In order to identify stakeholders relevant to any financial company in the three lines of defense process context we will have to make sure the stakeholders are generalized, but still understandable and relevant. Furthermore it is important to note that a company can have internal and external stakeholders. From literature [27], [40], [7], [25], and exploratory expert interviews we derived that from our context’s point of view we can identify two categories of external

stakeholders relevant to our paper. The first of these stakeholder categories is called “financial company external stakeholders” in our stakeholder and driver analysis of figure 37. External stakeholders of a financial company are comprised of several separately identifiable groups of people that are mainly interested in the reliability of the financial company. Unethical company behavior will hurt these external stakeholders’ trust of the company or will even hurt them financially. The second external stakeholder group is called “financial sector regulators” in our model of figure 37. This group is comprised of several governing and controlling entities of the financial market that are mainly interested in the company’s compliance to the national and international law and regulations. In the Dutch financial market this group is mainly comprised of the DNB, AFM, ETA, EBA and the Dutch government. For the case of this paper we identified three internal stakeholders most relevant to the problem of this thesis. The three internal stakeholders represent the three lines of defense in the internal control function of a financial company. The operational

department, the risk department and the internal audit department are mainly interested in providing assurance to the company. Therefore we identified assurance as the main driver for the three internal stakeholders. Based on the identified external and internal stakeholders and their main drivers the top layer of the model of figure 37 could be designed.

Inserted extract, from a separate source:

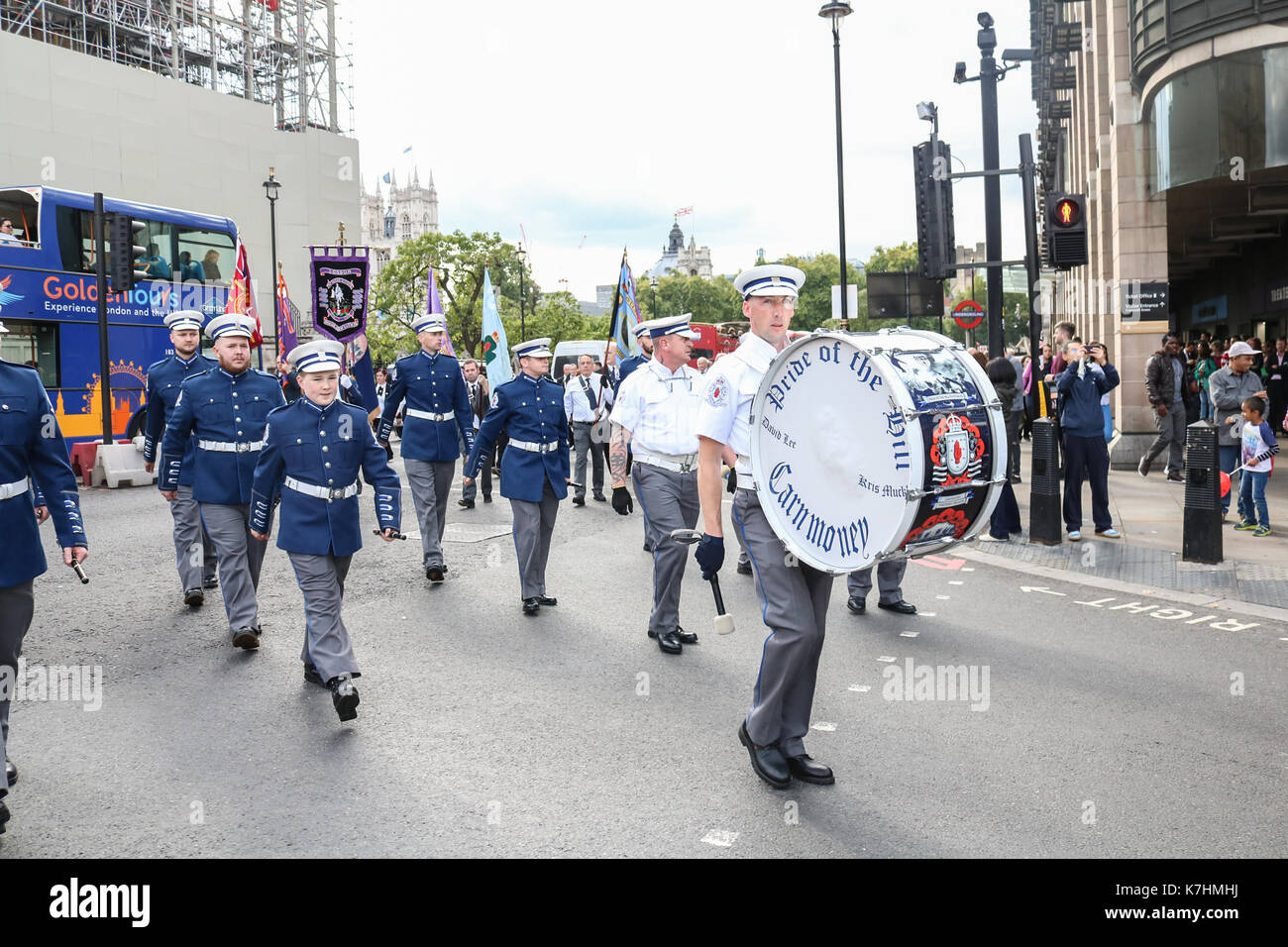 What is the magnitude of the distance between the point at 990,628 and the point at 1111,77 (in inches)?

From exploratory interviews with experts of Ernst & Young and their clients we could derive that the main assurance driver behind the redesign of the current assurance process of the three lines of defense and especially the internal audit function can be subdivided into the “data quality” and “data availability” drivers. As described in the problem statement and the research questions of this paper companies are often willing to make a transition to a more data- driven audit process, but their current organizational and IT infrastructure does not allow for such a process at this moment. In the literature study of this paper and in exploratory interviews with Ernst & Young experts we found sufficient evidence for the sub drivers “data quality” and “data availability” [59], [30], [21]. Recent observations of experts within Ernst & Young and clients of Ernst & Young indicate that at the moment data capture within company systems is insufficient to establish complete audit trails. Expert observations also indicate that current data capture, if present, is often not conform the data need of the three lines of defense. Both of these expert observations are modeled in figure 37 as “data quality is low” and “data shortages occur often”. Poor data quality and low data availability both influence the observation that the current assurance level can be improved. Because the assurance level is currently too low some compliance deficiencies occur as can be seen in recent news reports about some companies in the Dutch financial sector [42]. These news reports in turn influence the perceived reliability of the company negatively.

The underlying goal of redesigning the current three lines of defense process situation will therefore be on improving the assurance level provided by the three lines of defense through means of data-driven audit. The desired outcomes of this redesign are that the technological capabilities level, the process performance level and the people skill level of the three lines of defense will be enhanced as stated before in this paper. Exploratory interviews with experts as well

as literature [59], [21], [29] analyzed in the literature study part of this paper provided us with several desired sub- outcomes, their priorities, requirements and constraints. Figure 38 provides a graphical overview of the relations between the semantical notations.